→ **WORK TASK**
Every line with the string "sitting" must be copied from the entries below.

==== EXERCISE MATERIAL

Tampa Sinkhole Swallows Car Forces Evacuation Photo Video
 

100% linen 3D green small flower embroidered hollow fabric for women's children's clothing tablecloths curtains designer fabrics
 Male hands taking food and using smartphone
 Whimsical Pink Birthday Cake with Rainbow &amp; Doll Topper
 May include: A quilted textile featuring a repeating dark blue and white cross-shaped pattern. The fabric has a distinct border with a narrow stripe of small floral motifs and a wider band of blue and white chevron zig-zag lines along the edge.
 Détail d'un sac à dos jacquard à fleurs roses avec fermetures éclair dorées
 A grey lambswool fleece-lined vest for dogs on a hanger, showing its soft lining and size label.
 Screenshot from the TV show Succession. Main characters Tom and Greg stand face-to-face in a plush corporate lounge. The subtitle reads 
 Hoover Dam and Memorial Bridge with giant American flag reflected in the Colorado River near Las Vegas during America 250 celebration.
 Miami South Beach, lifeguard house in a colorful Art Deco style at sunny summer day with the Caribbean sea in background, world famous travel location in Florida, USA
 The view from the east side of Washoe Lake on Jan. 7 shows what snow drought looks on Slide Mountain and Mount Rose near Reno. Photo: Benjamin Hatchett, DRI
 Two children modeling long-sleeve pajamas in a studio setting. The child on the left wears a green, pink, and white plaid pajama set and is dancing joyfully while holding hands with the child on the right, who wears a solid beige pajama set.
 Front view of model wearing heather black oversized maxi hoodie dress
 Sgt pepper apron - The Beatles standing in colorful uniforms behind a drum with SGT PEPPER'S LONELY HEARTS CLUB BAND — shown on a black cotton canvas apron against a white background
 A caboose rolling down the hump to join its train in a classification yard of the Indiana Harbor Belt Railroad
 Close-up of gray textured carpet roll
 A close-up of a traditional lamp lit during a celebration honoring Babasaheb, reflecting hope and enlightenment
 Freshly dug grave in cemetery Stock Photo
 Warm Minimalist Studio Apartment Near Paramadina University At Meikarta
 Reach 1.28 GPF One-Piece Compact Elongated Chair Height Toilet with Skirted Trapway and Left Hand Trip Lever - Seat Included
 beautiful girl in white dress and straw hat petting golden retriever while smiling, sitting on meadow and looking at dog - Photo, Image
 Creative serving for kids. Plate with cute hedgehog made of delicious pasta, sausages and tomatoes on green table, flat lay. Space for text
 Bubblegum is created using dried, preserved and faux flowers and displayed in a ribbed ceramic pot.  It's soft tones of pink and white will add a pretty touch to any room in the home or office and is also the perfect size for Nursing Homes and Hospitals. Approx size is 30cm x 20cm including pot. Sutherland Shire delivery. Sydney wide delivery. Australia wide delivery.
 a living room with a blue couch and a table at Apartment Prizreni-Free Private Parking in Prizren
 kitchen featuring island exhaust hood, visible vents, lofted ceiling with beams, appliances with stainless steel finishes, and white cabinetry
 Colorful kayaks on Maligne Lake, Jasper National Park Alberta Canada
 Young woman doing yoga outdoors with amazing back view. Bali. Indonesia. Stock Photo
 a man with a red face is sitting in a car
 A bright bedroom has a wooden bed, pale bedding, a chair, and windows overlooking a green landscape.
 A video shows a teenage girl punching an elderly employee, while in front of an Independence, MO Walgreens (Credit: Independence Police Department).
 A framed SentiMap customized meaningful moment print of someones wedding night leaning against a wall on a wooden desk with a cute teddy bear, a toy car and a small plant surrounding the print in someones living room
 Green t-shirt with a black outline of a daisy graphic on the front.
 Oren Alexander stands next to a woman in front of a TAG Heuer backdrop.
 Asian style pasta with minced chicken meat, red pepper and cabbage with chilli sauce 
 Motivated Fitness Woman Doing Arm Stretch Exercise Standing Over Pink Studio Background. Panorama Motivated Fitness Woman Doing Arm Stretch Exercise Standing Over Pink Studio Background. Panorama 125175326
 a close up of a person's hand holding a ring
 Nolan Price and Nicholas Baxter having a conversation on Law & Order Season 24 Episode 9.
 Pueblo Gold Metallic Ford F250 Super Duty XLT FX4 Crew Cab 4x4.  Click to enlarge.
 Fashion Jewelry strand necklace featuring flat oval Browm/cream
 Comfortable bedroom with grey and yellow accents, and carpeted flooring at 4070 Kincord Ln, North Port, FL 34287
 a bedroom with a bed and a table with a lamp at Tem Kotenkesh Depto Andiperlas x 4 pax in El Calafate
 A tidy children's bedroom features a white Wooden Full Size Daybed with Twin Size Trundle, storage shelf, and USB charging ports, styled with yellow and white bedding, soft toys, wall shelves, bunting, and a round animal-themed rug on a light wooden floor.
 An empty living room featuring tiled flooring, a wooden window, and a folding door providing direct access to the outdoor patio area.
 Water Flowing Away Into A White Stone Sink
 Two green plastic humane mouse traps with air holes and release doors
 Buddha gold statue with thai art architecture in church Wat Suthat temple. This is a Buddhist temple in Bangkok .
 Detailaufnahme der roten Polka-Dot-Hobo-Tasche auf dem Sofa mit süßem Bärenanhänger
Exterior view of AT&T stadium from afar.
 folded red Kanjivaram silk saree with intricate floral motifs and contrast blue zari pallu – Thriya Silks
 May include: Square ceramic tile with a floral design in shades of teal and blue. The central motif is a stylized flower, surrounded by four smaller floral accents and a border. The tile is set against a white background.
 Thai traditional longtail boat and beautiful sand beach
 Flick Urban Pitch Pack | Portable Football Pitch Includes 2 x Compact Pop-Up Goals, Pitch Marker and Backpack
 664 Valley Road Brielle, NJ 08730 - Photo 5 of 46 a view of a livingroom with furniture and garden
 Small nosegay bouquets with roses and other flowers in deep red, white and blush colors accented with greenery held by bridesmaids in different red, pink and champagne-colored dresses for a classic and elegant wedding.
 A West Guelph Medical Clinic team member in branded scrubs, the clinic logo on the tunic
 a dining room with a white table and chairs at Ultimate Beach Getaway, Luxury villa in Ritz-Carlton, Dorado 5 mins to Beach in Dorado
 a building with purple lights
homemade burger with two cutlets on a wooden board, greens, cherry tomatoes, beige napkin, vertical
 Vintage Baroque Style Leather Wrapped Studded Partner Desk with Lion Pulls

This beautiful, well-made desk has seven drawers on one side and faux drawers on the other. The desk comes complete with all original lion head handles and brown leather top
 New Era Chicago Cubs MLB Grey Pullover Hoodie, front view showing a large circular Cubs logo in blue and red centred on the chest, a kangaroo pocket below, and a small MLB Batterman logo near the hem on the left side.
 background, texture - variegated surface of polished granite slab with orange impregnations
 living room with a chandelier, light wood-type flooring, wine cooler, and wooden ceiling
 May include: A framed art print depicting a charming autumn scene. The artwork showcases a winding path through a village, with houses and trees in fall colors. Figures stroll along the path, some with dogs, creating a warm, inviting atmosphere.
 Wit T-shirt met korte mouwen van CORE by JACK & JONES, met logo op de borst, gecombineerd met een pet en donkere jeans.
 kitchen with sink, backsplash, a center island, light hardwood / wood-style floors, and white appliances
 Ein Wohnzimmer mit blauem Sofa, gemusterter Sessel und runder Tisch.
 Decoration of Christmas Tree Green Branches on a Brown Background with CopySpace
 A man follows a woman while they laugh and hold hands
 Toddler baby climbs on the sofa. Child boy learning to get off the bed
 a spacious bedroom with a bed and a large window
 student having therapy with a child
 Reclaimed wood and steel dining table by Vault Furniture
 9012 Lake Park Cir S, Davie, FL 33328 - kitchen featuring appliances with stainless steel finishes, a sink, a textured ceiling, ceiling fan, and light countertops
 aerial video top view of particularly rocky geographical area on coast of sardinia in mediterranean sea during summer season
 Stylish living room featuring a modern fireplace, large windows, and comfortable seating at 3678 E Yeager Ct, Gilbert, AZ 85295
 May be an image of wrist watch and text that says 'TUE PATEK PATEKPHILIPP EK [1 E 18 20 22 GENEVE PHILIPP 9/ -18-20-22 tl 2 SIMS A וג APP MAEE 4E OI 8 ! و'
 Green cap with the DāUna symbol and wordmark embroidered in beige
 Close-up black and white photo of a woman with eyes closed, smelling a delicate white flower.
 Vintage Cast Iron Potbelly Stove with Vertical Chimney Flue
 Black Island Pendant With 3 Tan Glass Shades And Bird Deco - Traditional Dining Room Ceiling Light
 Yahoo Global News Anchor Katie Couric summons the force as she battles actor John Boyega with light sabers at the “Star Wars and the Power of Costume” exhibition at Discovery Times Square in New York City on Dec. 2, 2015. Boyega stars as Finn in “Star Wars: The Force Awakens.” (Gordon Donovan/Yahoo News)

========

→ **ANSWER TO THE EXERCISE**
 beautiful girl in white dress and straw hat petting golden retriever while smiling, sitting on meadow and looking at dog - Photo, Image
 a man with a red face is sitting in a car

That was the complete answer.